This combination created a lot of tension on our team. So in the Fall, we held a week-long Staff Advance (others may call it a “retreat”) where we set out to address the issues coming up and slim our work down to focus on our central purpose. But in those few days, it soon became clear that we actually didn’t have a clear sense of our organization’s purpose.

During this Fall Advance, we asked ourselves questions like “What is MAP uniquely positioned to do?” And we got vastly different answers from our staff.

As we tried to make choices on what we should and shouldn’t focus on as an organization, we spent our days asking questions that led to more questions. Despite our best attempts, one week just wasn’t enough time to solidify our purpose with clarity. We needed much more time and a very intentional process to sort this out. But we were facing large crises in our communities, and felt called to respond.

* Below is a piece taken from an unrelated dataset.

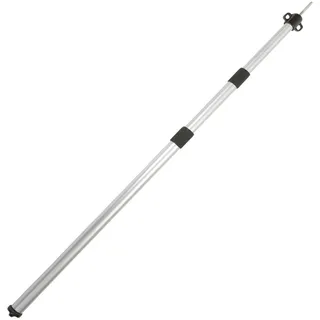 Bo-Camp Teleskop Zeltstange 93-230/28-22mm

The same month, Walter Wallace Jr. was murdered by police in West Philadelphia. The pain hit us right at home this time, and the rebellion started up all over again. As we sprang into action and reaction, feeling the cycle repeat itself broke us. Seeing an entire community erupt in rage again, be attacked by police again, while being ignored by a city apparatus that would not see their pain nor hear their cries again broke us. Knowing that our efforts couldn’t truly meet the challenges we saw broke us. Knowing we had no real internal clarity of our movement’s collective strategy to meet that challenge broke us.

“We can’t do this anymore,” we admitted, our tears caught in our throats. In a political moment of seemingly constant crisis, completely stretched to capacity in every facet of the organization, something had to give.

After years of sprinting, we asked ourselves: what might be possible if we just stopped?

What might we be able to accomplish if we let go of the urgency of the news cycle and strived for focus? So that fall — in the middle of campaigns, with ongoing grant commitments, despite all the pressures telling us not to — we said “no more” and decided to build the “MAPOut,” a process that would require us to fully stop all external work for four months as we determined the true purpose of our organization at this moment in history.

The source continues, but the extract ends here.